┌─ Data section

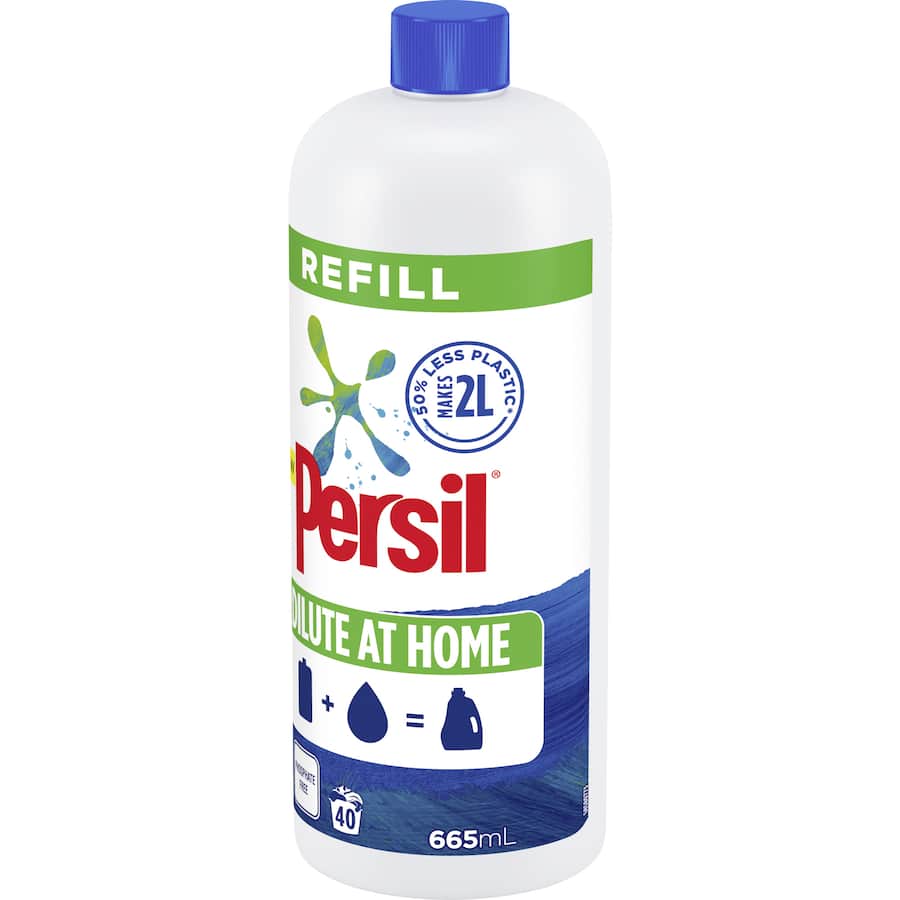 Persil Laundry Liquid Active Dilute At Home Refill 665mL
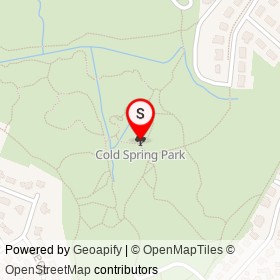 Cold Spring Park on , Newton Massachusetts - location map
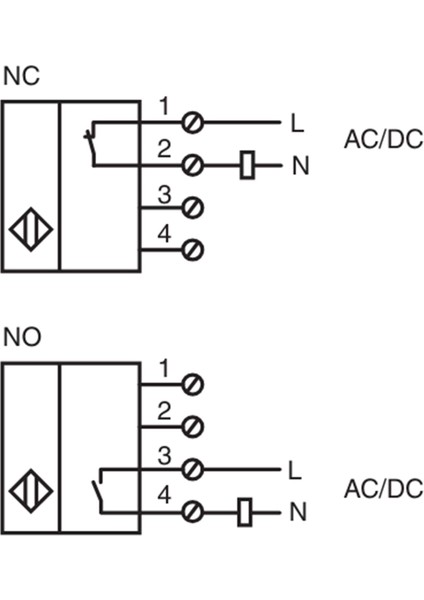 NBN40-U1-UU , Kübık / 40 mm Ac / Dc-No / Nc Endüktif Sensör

└─

### Task item
Go back to the line that contains "Cold Spring Park" and copy it, along with each line after it through the end of the listing above, exactly and without pictures.

### Response to the exercise
 Cold Spring Park on , Newton Massachusetts - location map
 NBN40-U1-UU , Kübık / 40 mm Ac / Dc-No / Nc Endüktif Sensör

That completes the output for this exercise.